Herr Shyamalan, die erste Folge von „Wayward Pines“ eröffnet ein großes Mysterium. Sehen Sie mir nach, dass ich nach mancher enttäuschenden Erfahrung mit anderen Serien dieses Genres skeptisch bin, ob es am Ende auch eine befriedigende Auflösung geben wird…

Es wird am Ende keine befriedigende Auflösung geben, weil wir die Entscheidung getroffen haben, das Rätsel von „Wayward Pines“ nicht erst am Ende der Staffel aufzulösen, sondern bereits mittendrin. Bei Folge 5, spätestens Folge 6 wird sich das große Mysterium klären.

Eine ungewöhnliche Erzählweise

Ja, das ist ungewöhnlich, aber wir wollten die Geheimnisse dieser merkwürdigen Stadt nicht überstrapazieren. Wie Sie schon sagen: Es geht um die Frage der Balance bei solchen Stoffen. Es ist ein schmaler Grat zwischen dem permanenten Wecken der Neugier durch immer mehr Mysterien und einer vernünftigen Auflösung. Das darf nicht kippen. Wenn Sie zu lange teasen, wächst die Gefahr, dass sie nicht zufriedenstellend auflösen können. Also verraten wir das Geheimnis zur Halbzeit der Staffel.

Und das nimmt auf halber Strecke nicht zu viel Spannung raus?

Glauben Sie mir: Wenn Sie erst einmal die Antwort auf alle Mysterien von „Wayward Pines“ kennen, wird die Serie nur umso spannender. Das ändert alles, weil das Publikum dann einen anderen Blick auf die Geschichte hat.

„Wayward Pines“ ist nach vielen Kinofilmen Ihre erste TV-Serie. War die Umstellung groß?

Die Geschwindigkeit der TV-Produktion ist unglaublich. Es gibt ja Marathon-Läufer und Sprinter. Wenn Sie einen Kinofilm drehen, dann müssen sie Marathon laufen können. Die Produktion dauert anderthalb bis zwei Jahre - für einen Film. Beim Fernsehen muss ungleich mehr Stoff abgeliefert werden und das in weit weniger Zeit. Wie machen das bloß die Produzenten, die 22 Episoden im Jahr abliefern müssen? Das ist unglaublich.

Wayward Pines© Fox

Was hat Sie an der Produktion einer TV-Serie so gereizt?

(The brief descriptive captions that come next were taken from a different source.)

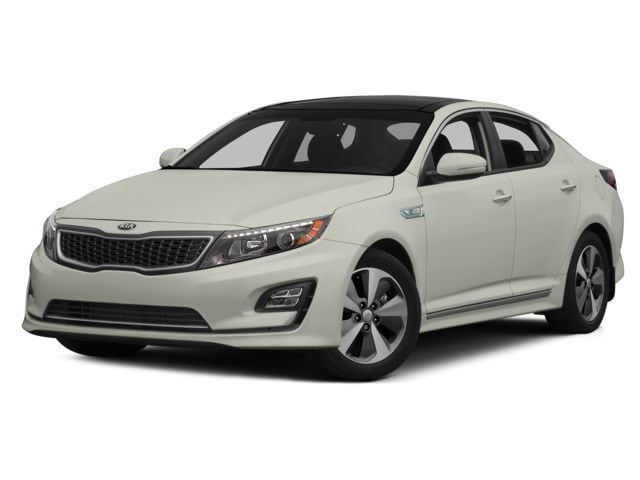 Kia Optima's photo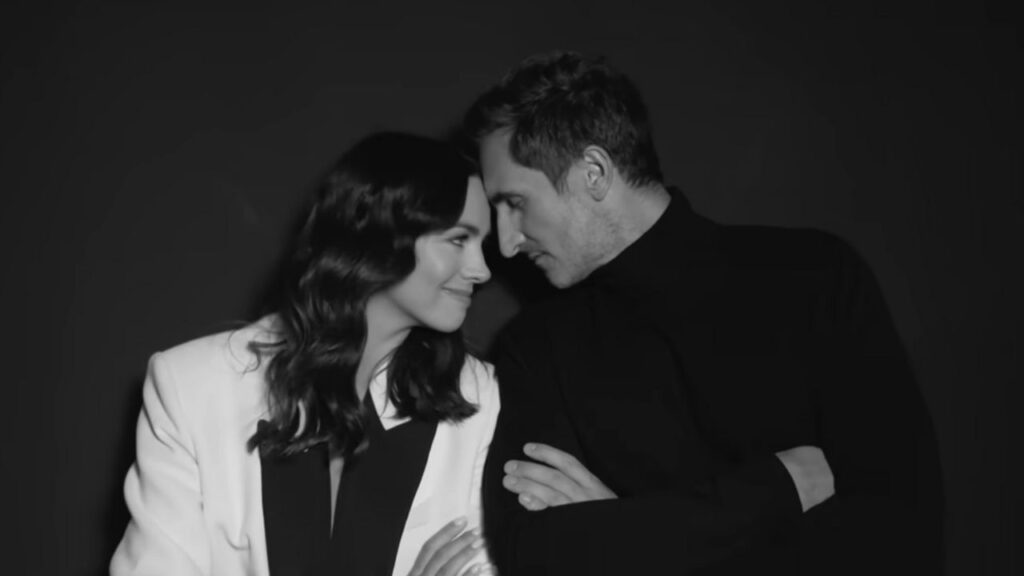 Paulina Krupińska-Karpiel i Sebastian Karpiel-Bułecka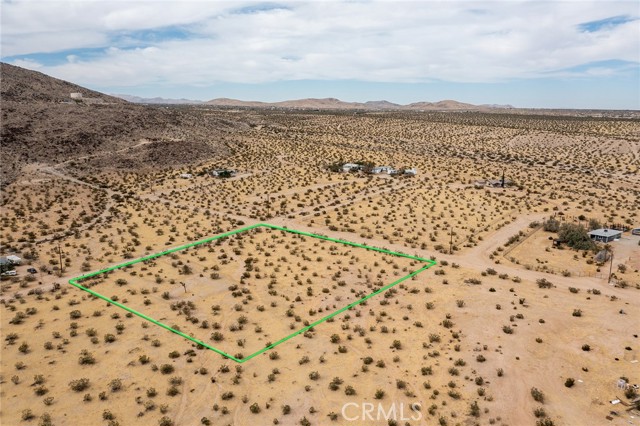 4225 Benji Avenue, Joshua Tree, California 92252, ,Land,For Sale,4225 Benji Avenue,CRJT23182225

Die Herausforderung eines Films besteht darin, erst innerhalb kürzester Zeit alle Charaktere, die ganze Geschichte und die gewünschte Stimmung einführen zu müssen, nur um dann rechtzeitig all das zu einem befriedigenden Ende bringen zu können. Der Handlungsbogen ist sehr intensiv, weil er kurz ist. Das ist das Handwerk, was ich gelernt habe, seit ich ein Kind war. Bei einer Fernsehserie ist es anders. Die Pilotepisoden haben noch einen ähnlichen Druck, weil sie in kürzester Zeit überzeugen müssen. Aber wenn man einmal die Serienwelt eingeführt hat, gibt einem das Fernsehen einen viel größeren Spielraum für Geschichten.

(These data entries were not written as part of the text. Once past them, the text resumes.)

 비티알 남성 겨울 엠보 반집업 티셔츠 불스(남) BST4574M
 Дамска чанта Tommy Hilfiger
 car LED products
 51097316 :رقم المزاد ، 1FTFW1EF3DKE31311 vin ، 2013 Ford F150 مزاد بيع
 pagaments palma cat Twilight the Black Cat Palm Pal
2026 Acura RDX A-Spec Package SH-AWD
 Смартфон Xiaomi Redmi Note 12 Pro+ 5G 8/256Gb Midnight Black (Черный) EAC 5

Das klingt irgendwie erleichtert.

Da atmet man auf und hat eine künstlerische Freiheit, die es im Film nicht gibt. Nehmen wir beispielsweise mal, sagen wir, die 17. Folge von „Game of Thrones“. Oder die 18. Völlig egal. Da gibt es keinen Druck erst einmal einführen oder etwas zu Ende bringen zu müssen. Es kann alles passieren. Man kann mehr mit den Charakteren arbeiten und an ihnen arbeiten als beim Film, wo durch die kompakte Erzählung nicht viel Raum dafür bleibt. Bei einer Serie wie „Wayward Pines“ aber kann ich mit meinen Figuren arbeiten und viel mehr eingehen auf das, was sich erst im Laufe der Produktion ergibt. Das ist ein Spielraum, den es beim Kinofilm nicht gibt. Man kann sozusagen die Serie während der Produktion ihrem eigenen Rhythmus anpassen.

Wie sah das konkret aus?
 
Wir haben zunächst die ersten vier Episoden produziert, haben dann pausiert und uns angeschaut, was wir haben. Diesen Prozess der Beurteilung der eigenen Arbeit mit allen Beteiligten ist großartig. Man kann Feinjustierungen vornehmen und beispielsweise einzelne Szenen, Charaktere oder Handlungsstränge nochmal anders betonen.

Die Hauptrolle in „Wayward Pines“ spielt Matt Dillon. Wie kamen Sie auf ihn?

Wenn Sie sich meine Filme und deren Besetzung anschauen, dann tendiere ich dazu, meine männlichen Hauptrollen mit sehr prominenten Namen besetzen. Männer, die für mich schon Helden waren als ich jünger war. Bruce Willis, Mel Gibson, Will Smith oder eben Matt Dillon. Sie alle haben ein ganz bestimmtes Image im Gepäck. Sie sind bekannt als starke Typen, was für mich eine schöne Fallhöhe ermöglicht, wenn ich sie dann darum bitte, eine verletzliche Seite von sich zu zeigen.